Data shown:
--*--
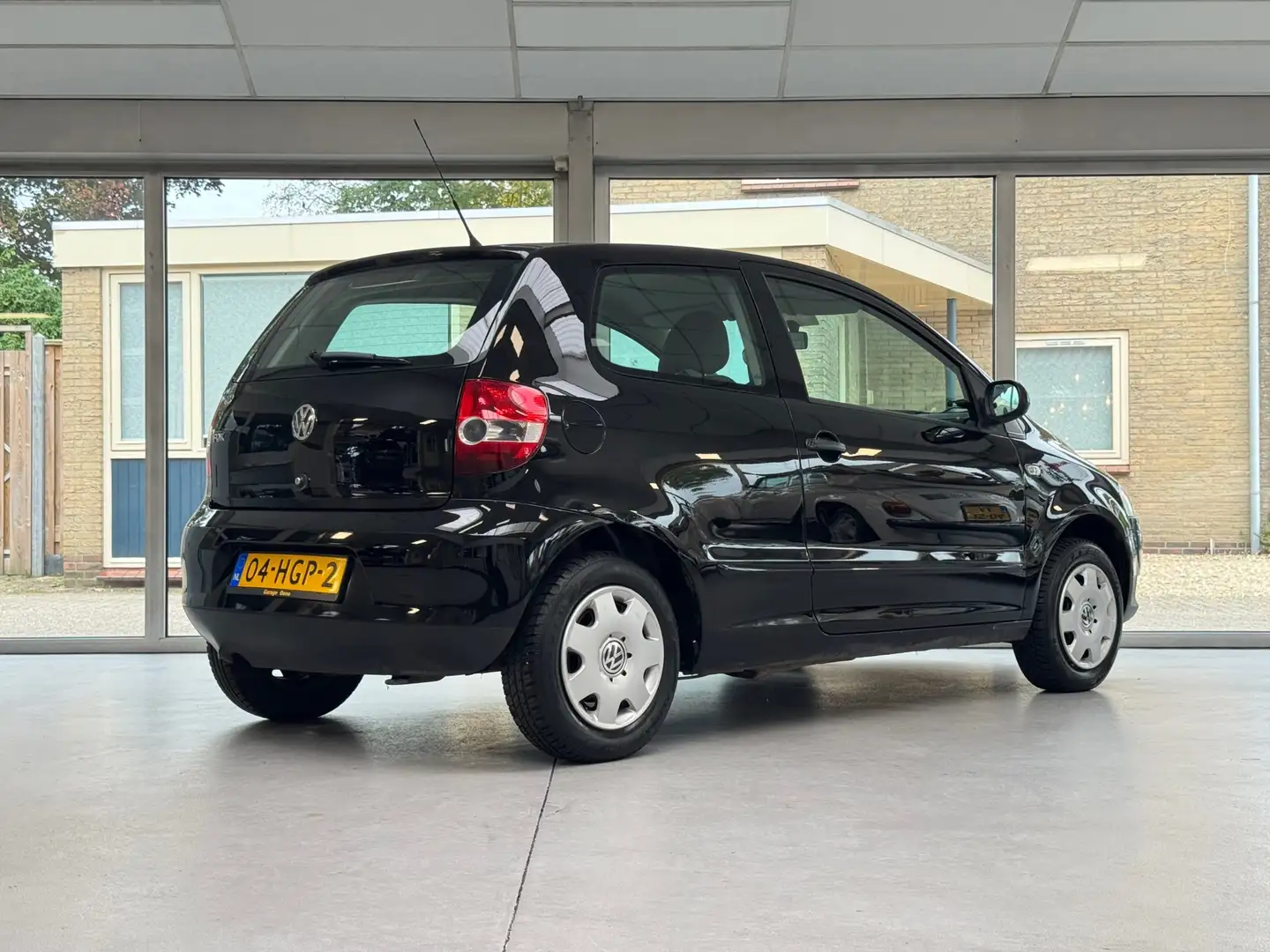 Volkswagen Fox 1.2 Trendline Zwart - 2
--*--
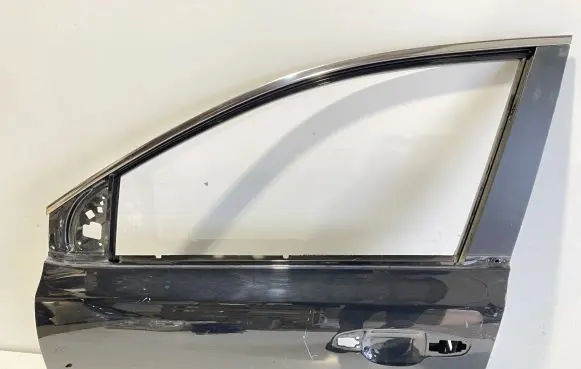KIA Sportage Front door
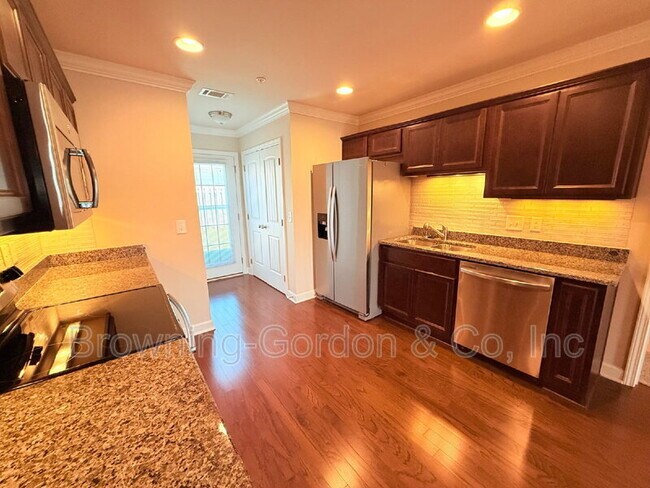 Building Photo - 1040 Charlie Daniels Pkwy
--*--
Output only the lines above from the one containing "KIA Sportage Front door" to the one containing "Building Photo - 1040 Charlie Daniels Pkwy", both included, exactly as written and with no pictures.

KIA Sportage Front door
 Building Photo - 1040 Charlie Daniels Pkwy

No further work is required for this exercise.